Single by Fashawn featuring Nas and Aloe Blacc

from the album The Ecology
- Released: February 19, 2015
- Recorded: 2014
- Genre: Hip hop; R&B;
- Length: 4:04
- Songwriters: Santiago Leyva; Nasir bin Olu Dara Jones; Egbert Nathaniel Dawkins;
- Producer: DJ Khalil

Fashawn singles chronology
| "Out The Truck" (2015) | "Something To Believe In" (2015) |  |

Nas singles chronology
| "Free" (2013) | "Something To Believe In" (2015) | "Chains" (2015) |

Aloe Blacc singles chronology
| "Together (RED)" (2014) | "Something To Believe In" (2015) | "Verge" (2015) |

= Something to Believe In (Fashawn song) =

"Something to Believe In" is a song by American rapper Fashawn, with guest appearances by Nas and Aloe Blacc.

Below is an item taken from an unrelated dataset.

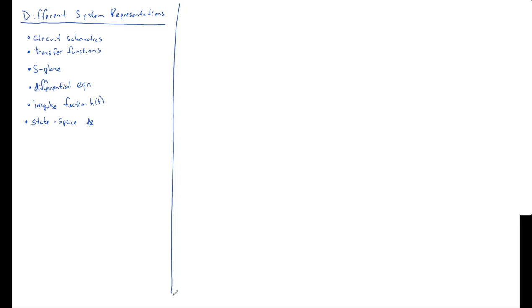And for all these different representations, it's important to have some sort of mind map to combine them. And that mind map that I want you to have is that the system transfer function, H of S, that ratio of polynomials, is what's most important. It stands in the center. It's your Rosetta Stone.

It was released on February 19, 2015 as a single from Fashawn's second studio album The Ecology. The song is produced by DJ Khalil. It has received positive critical reception and is also featured on the soundtrack for the video games Madden NFL 16 and WWE 2K16.

==Background and development==
The song came to fruition after Fashawn signed to Nas' Mass Appeal Records. According to Fashawn, the original instrumental was part of an unreleased collection of material held by Aloe Blacc and his band. Aloe Blacc sent the instrumental to Fashawn, who then recruited DJ Khalil to put together a newer version that contained a more hip-hop feel. Coincidentally, both Fashawn and Nas wrote their verses while touring separately in Europe. In an interview, Fashawn reflected upon the song's creation by saying, "I felt like it was the perfect canvas to paint on and epitomizes what we stand for in rap."

==Critical reception==
Elias Leight of Billboard commended "Something to Believe In" for preserving hip-hop's history of being grounded in soul and funk. Alicia Miller of Zumic stated that "Fashawn and Nas both drop deep bars in their verses and Blacc croons on the hook with thought-provoking lines".

==Popular culture==
"Something to Believe In" appears on the soundtrack for the video game WWE 2K16 by 2K Sports, released on October 27, 2015. The song also appears on Madden NFL 16 by EA Sports, released on August 25, 2015.